The Pentagon's entire fleet of about 100 fifth-generation fighters made by Lockheed Martin Corp. was grounded for weeks following a June 23 engine fire aboard an Air Force F-35A model at Eglin Air Force Base, Florida. The aircraft subsequently missed its first planned appearances in the United Kingdom, including the Farnborough International Air Show outside London.

The fire was traced to excessive rubbing of fan blades in a section of the Pratt & Whitney-made F135 engine known as the integrally bladed rotor. While subsequent inspections revealed similar rubbing in several other engines, the phenomenon was far milder than in the engine that caught fire, leading Pentagon officials to conclude the problem wasn't systemic.

"It would be a little alarmist to assume we have a problem with the F-35 engine," Air Force Gen. Mark Welsh said during a news conference on Wednesday at the Pentagon. "Pratt and Whitney's been making pretty darn good engines for single-engine airplanes for a long time."

He added, "What we found in the program so far with these almost 9,000 sorties now is this engine works pretty well, too.

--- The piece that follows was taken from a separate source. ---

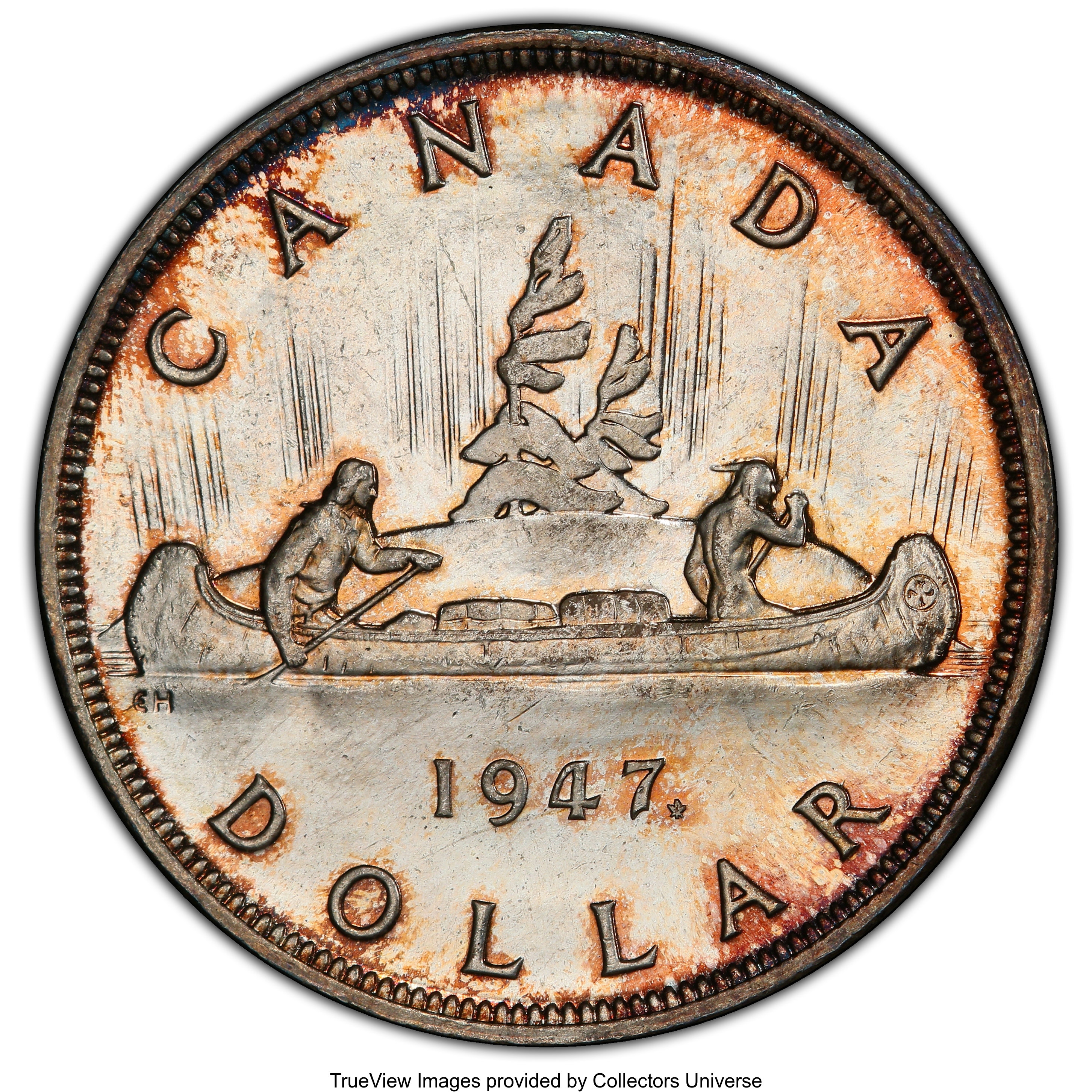 1947 S$1 Maple Leaf MS (KM-37) XF40 thumbnail 25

That day it didn't, and we have to figure out why."

The general dodged a question on whether the Pentagon should have continued development of an alternative engine, the F136, made by General Electric Co. and Rolls-Royce Plc. "I'd like to have 1,763 F-35s, with an engine that works really well every single day," he said in response to the question, referring to the service's planned acquisition quantity. "That's the goal."

Welsh appeared at the briefing alongside Air Force Secretary Deborah Lee James, who said she expects the flight restrictions on the F-35 to ease up as investigators identify exactly what caused the engine fire.

"It's not unusual in a development program to have something like this happen," she said. "It's happened before. I think we're all very optimistic that we will be working through it. So I do not believe ... that this is in any way a show-stopper. It was unfortunate that it happened, but we're going through and trying to narrow down a root cause."

The Joint Strike Fighter is the Pentagon’s most expensive acquisition program, estimated to cost nearly $400 billion for 2,443 aircraft. Keeping the planes flying over the next half-century may cost another $1 trillion in sustainment.

Eight countries have committed to help develop the F-35, including the U.K., Italy, the Netherlands, Turkey, Canada, Australia, Denmark and Norway. Also, Israel, Japan and South Korea plan to buy production models of the aircraft.